Le 14 août 2025 par dans Réflexion

Je papote avec un voisin dans le café du village. Il me parle de ses enfants. Il les aime bien, mais « ils me fatiguent quand même par moment, tu comprends ? » Je hoche la tête. « Enfin, finit-il par dire, puisqu’il n’y en a qu’une qui y ait jamais réussi à élever des enfants parfaitement, il faut bien que nous le fassions imparfaitement. » Je cherche : qui donc aurait réussi à élever parfaitement des enfants ? Il me regarde : « Ben, Marie, voyons ! ». « Marie ? » Je fais mentalement le tour de mes connaissances du village. Aucune Marie parfaite en vue. Mon voisin a un petit côté trublion et il aime bien se moquer de ma foi. Il déclare fièrement : « Marie, la Marie, Marie, la mère de Jésus ! » « Ah ! » fais-je un peu décontenancée, avant d’ajouter « ça dépend à quelle doctrine tu souscris ». Et nous voilà partis pour quelques minutes d’explications autour des différences entre catholiques et protestants.

Le 15 août est traditionnellement un jour consacré à Marie. Les fidèles catholiques célèbrent l’assomption, un dogme proclamé en 1950 et qui affirme que Marie aurait corporellement rejoint Jésus au ciel. La dévotion à Marie est largement répandue en France depuis que Louis XIII a consacré le royaume à la vierge et fait du 15 août l’une des plus grandes fêtes religieuses du pays. En tant que protestants, nous sommes plus mesurés. Bien évidemment, Marie est une figure importante de la foi chrétienne : elle est la mère de Jésus ; elle l’a vu mourir sur la croix ; elle a côtoyé les premiers chrétiens. Mais elle porte aussi notre condition d’être humain, pécheur et déchu. Elle a aussi eu besoin d’un sauveur. Les textes bibliques ne rapportent pas son ascension en gloire et ne nous permettent pas de l’élever à un rang supérieur. Pour autant, la Bible relate quelques moments de sa vie qui peuvent édifier notre foi.

Je suis la servante du Seigneur

Je suis la servante du Seigneur. Que tout ce que tu m’as dit s’accomplisse pour moi. (Luc 1.38)

L’histoire de Marie est tellement connue : on se rappelle son étonnement lors de la visite de l’ange, l’embarras de Joseph lorsqu’elle se trouve enceinte, le long voyage sur les routes poussiéreuses pour se rendre à Bethlehem, son accouchement dans des conditions précaires… Mais qui était réellement Marie ?

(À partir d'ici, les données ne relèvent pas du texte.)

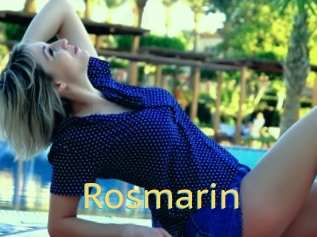 Rosmarin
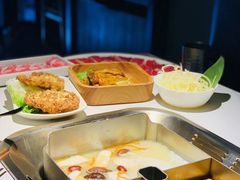 -九鼎轩脆毛肚火锅(南京东路店)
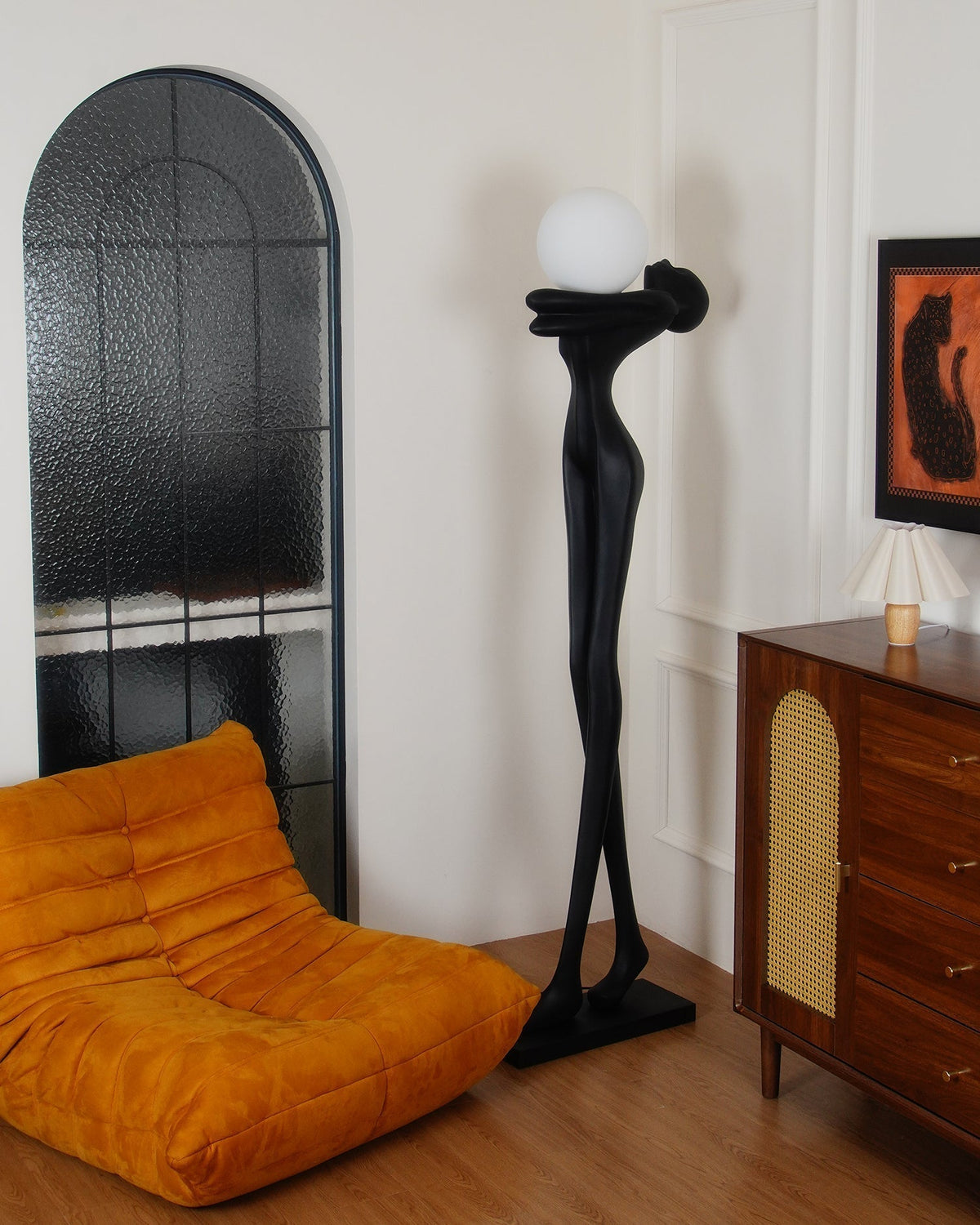 Miriise Lampadaire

Lorsque l’ange lui rend visite, Marie est une toute jeune fille. Certains avancent qu’elle devait avoir entre treize et seize ans. Les textes bibliques nous disent qu’elle est vierge, soulignant que Dieu opère un miracle pour la naissance de son Fils. Dieu était déjà intervenu pour faire naître des enfants miraculeusement : on se souvient d’Isaac, né d’un père centenaire et d’une mère stérile et âgée. Plus proche des événements qui nous intéressent, il y a Jean-Baptiste qui naît d’un couple de vieillards stériles. Mais jamais auparavant, n’avait-il fait naître des enfants d’une vierge et donc sans l’intervention d’un homme. Certains ont contesté ce miracle ; d’autres, et notamment l’Église catholique, ont cherché à le rendre plus grandiose encore. La virginité de Marie est pour eux une composante essentielle du dogme de l’Immaculée Conception qui affirme que Marie serait exempte de péchés.

Même si nous ne souscrivons pas à cette dernière affirmation, il est vrai que la réponse de Marie à l’ange force l’admiration : « Je suis la servante du Seigneur » (Luc 1.38). Être si jeune et mère. Risquer d’être mis au ban de la société et regardé comme une femme de mauvaise vie, alors qu’on n’a rien fait. Risquer de perdre Joseph. Difficile de transposer à notre époque les sentiments qu’ont pu être ceux de cette jeune fille. Avait-elle compris qu’elle porterait le « sauveur du monde » ? Avait-elle compris qu’elle serait aux premières loges de l’accomplissement de prophéties vieilles de plusieurs siècles ? Dieu n’avait-il pas dit au serpent : « Je mettrai l’hostilité entre toi et la femme, entre ta descendance et sa descendance : celle-ci t’écrasera la tête et tu lui blesseras le talon » (Genèse 3.15) ? Impossible à dire.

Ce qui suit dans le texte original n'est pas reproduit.